RECORDS PROVIDED:

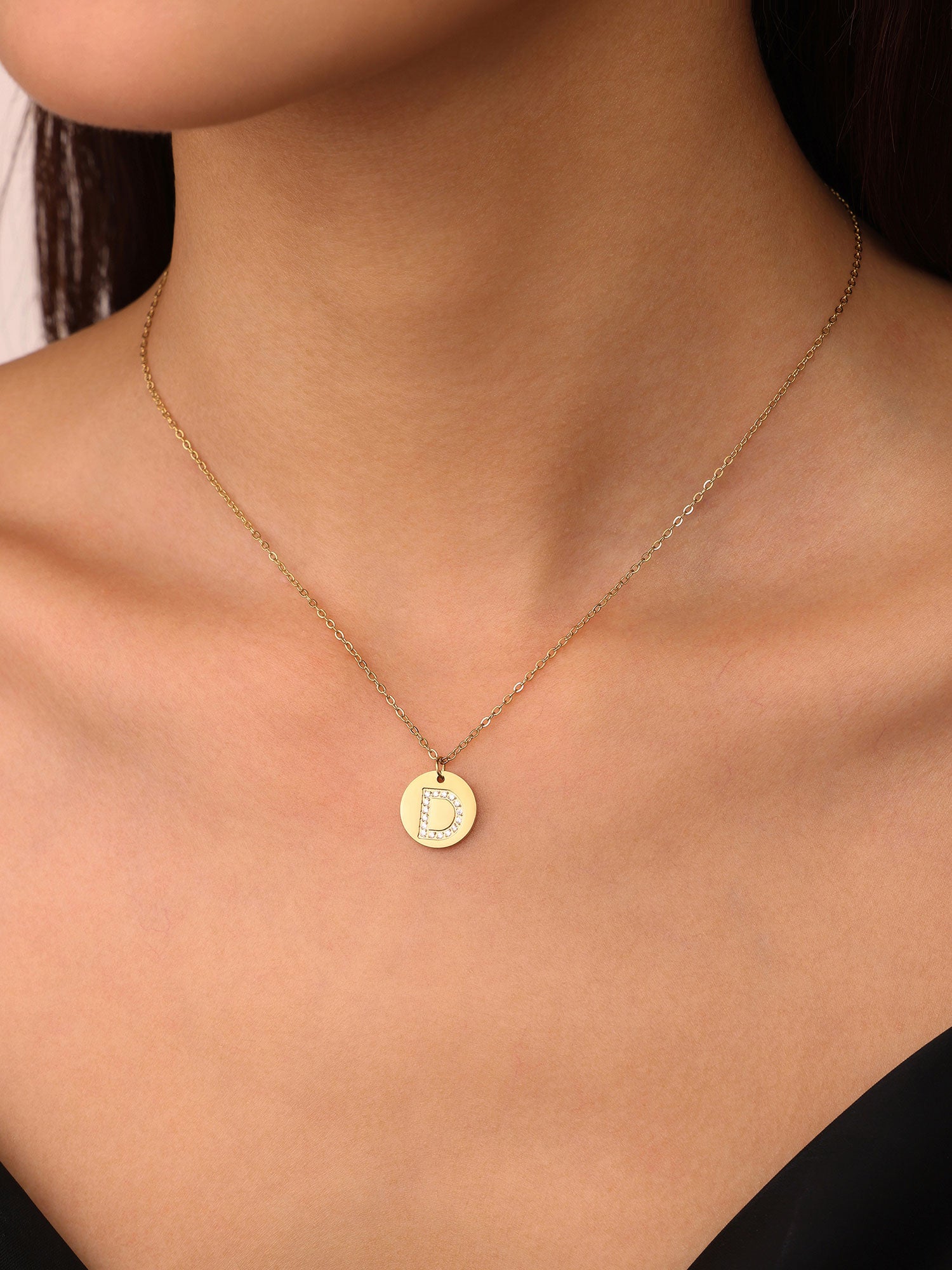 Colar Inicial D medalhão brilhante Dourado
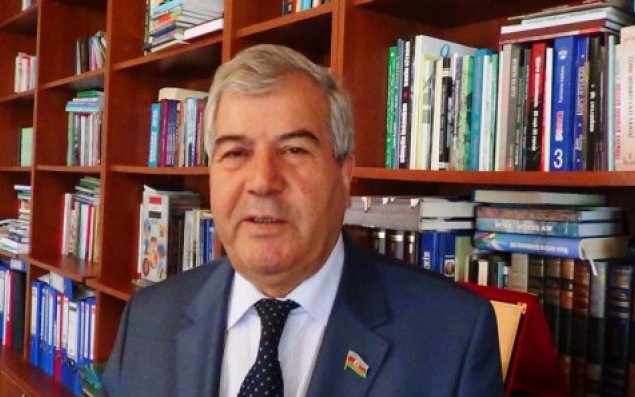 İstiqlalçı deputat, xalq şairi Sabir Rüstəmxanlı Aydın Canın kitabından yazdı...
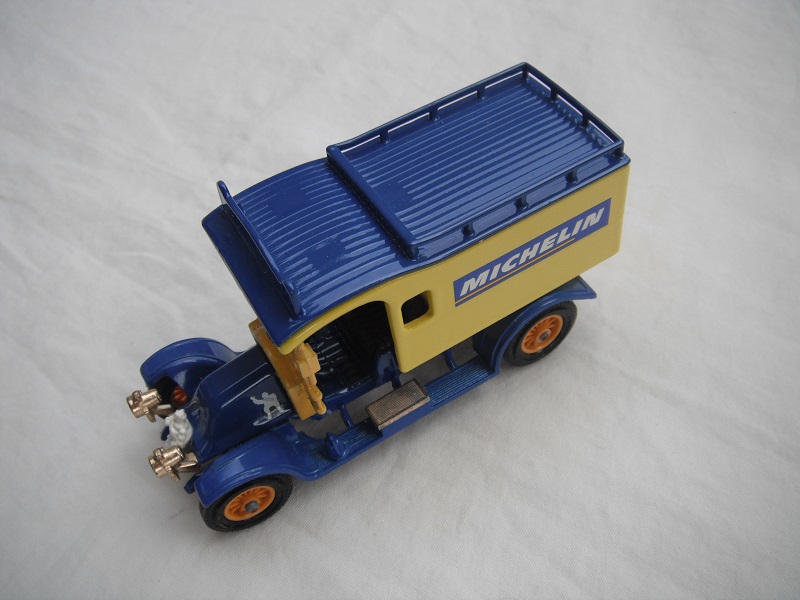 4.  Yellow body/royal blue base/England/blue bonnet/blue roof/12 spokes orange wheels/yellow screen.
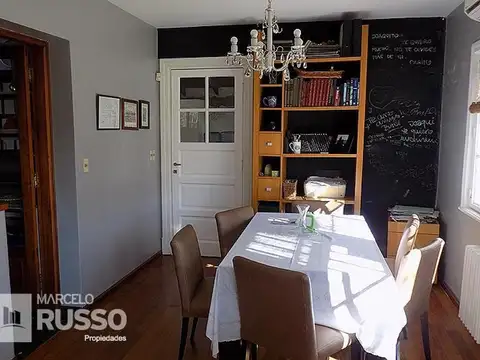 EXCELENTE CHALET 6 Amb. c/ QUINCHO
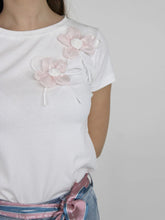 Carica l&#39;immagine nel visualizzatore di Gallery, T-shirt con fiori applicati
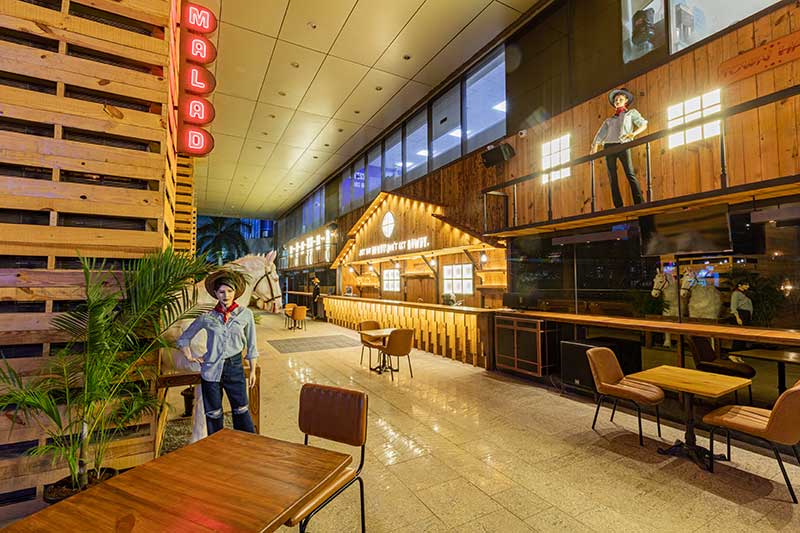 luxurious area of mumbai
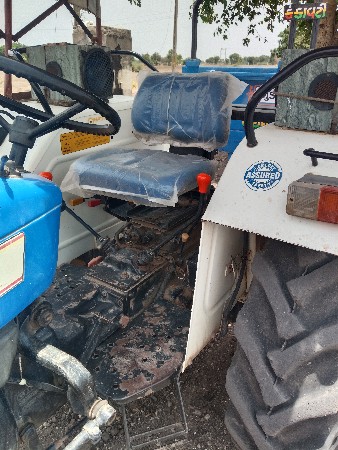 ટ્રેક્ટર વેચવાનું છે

---

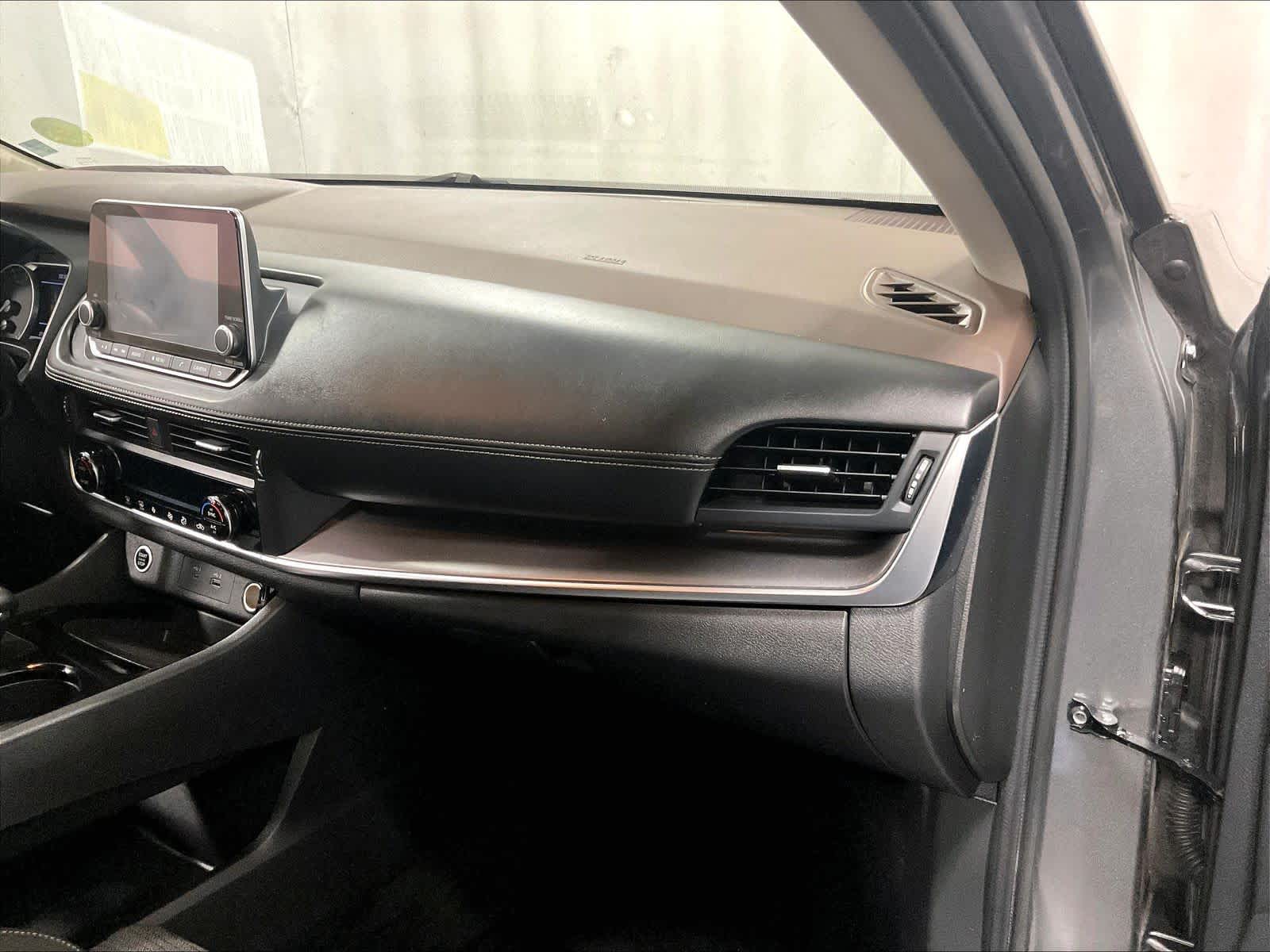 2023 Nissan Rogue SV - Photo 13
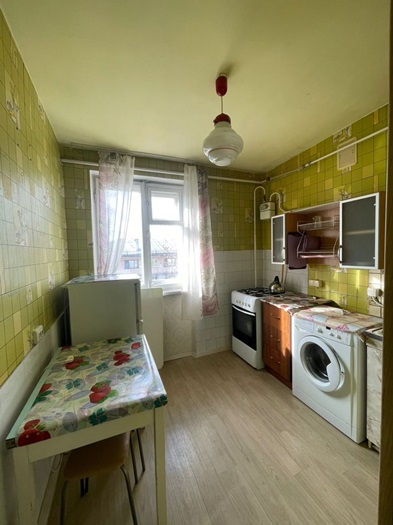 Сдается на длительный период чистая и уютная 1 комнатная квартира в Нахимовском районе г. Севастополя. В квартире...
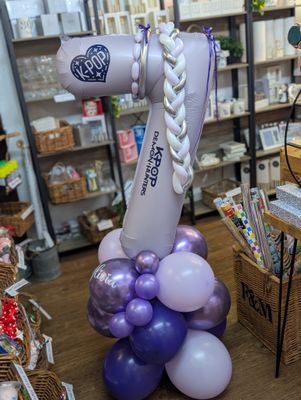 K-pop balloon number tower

REQUIREMENT: Write down exactly what the lines above say, from the line holding "EXCELENTE CHALET 6 Amb. c/ QUINCHO" through the line holding "ટ્રેક્ટર વેચવાનું છે", and nothing more. Do not copy the pictures.

WORKED SOLUTION:
 EXCELENTE CHALET 6 Amb. c/ QUINCHO
 Carica l&#39;immagine nel visualizzatore di Gallery, T-shirt con fiori applicati
 luxurious area of mumbai
 ટ્રેક્ટર વેચવાનું છે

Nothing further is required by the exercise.